While consumers are focused on protecting their credit cards from fraud, retailers and credit card companies are busy maintaining their PCI Compliance standards so that consumers stay protected. PCI DSS Compliance Standards (which stands for Payment Card Industry Data Security Standards) ensure that retailers safely and securely accept, store, process, and transmit cardholder data during credit card transactions to prevent fraud and data breaches.
The problem? Thanks to ever-evolving security threats and hacks, PCI compliance is a moving target. Here are ten things you should know about maintaining PCI Compliance standards.
1. Visa and Friends Made It Happen
PCI DSS was created in 2006 when internet use drove payment processing systems online. Unfortunately, many of the payment processing systems and networks being used at the time were not always secure. This led to an increase in data breaches and data theft. As a result, the five largest credit card brands – Visa, MasterCard, Discover, American Express and JCB implemented PCI DSS. The PCI Security Standards Council was then formed as an independent body to monitor threats and create enhanced standards that improved the retail industry’s ability to address those threats.
The standards are a set of 12 specific requirements that cover six different goals. These goals state that retailers need to be secure and it tells them how to become secure. The requirements address building and maintaining a secure network, protecting cardholder data and regularly monitoring and testing networks.
While retailers do not need to be certified, they are required to become compliant and be able to prove that compliance.
2. Any Retailer Accepting Credit Cards Must Be PCI Compliant
Any retailer with a merchant ID that accepts credits cards must follow PCI Compliance regulations to protect customers from data breaches and data theft.
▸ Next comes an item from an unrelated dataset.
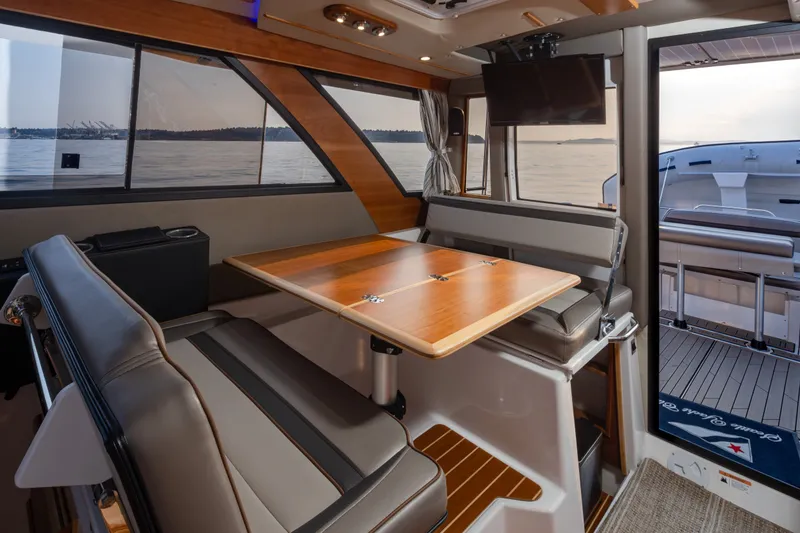 Slide: The Image of 2023 Cutwater C-30 Sedan interior with dining area, large windows, and scenic water view. - 28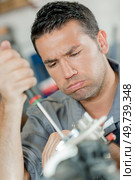 a mechanic is with a frustrated expression. Стоковое фото, агентство Ingram Publishing / Фотобанк Лори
Requirements can range from security policies to the removal of cardholder data from payment processing systems.
3. There Are Four Levels of PCI Compliance
Each level has unique requirements for a retailer to be compliant. Levels are determined based on a company’s annual total transaction volume. The higher the annual number of credit cards transactions processed per year, the more stringent the compliance requirements for that retailer.
Retailers that process fewer than 20,000 e-commerce transactions per year and less than 1M in-store transactions have the least stringent requirements. Retailers that process more than 6M transactions per year or have been designated as a Level 1 merchant by a credit card association have the most stringent requirements.
4. Non-Compliance Is Expensive
Retailers that do not comply with PCI standards could be at risk for data breaches, data theft, fines, card replacement costs, expensive forensic audits and investigations into their business, brand damage, and more. The biggest penalty of course, will be the permanent loss of customers due to a data breach and/or theft.
5. But Staying Compliant Ain’t Cheap
PCI compliance can be very expensive, time-consuming and does not guarantee future compliance. The cost of compliance can range from approximately $1,000 annually to over $50,000 annually, depending on the size of the retailer.
6. PCI Compliance Is A Moving Target
Retailers that experienced breaches were most often not compliant at the time of the breach. Every new potential weakness identified in payment processing systems creates the need for a new security patch to be installed in all payment system equipment.
A retailer can start the day as 100% complaint then fail to install the latest security patch and boom: end the day as non-compliant. It is the responsibility of the retailer to maintain their compliance by installing all security patches, ensuring the payment processing systems are secure and that 100% compliance is maintained at all times.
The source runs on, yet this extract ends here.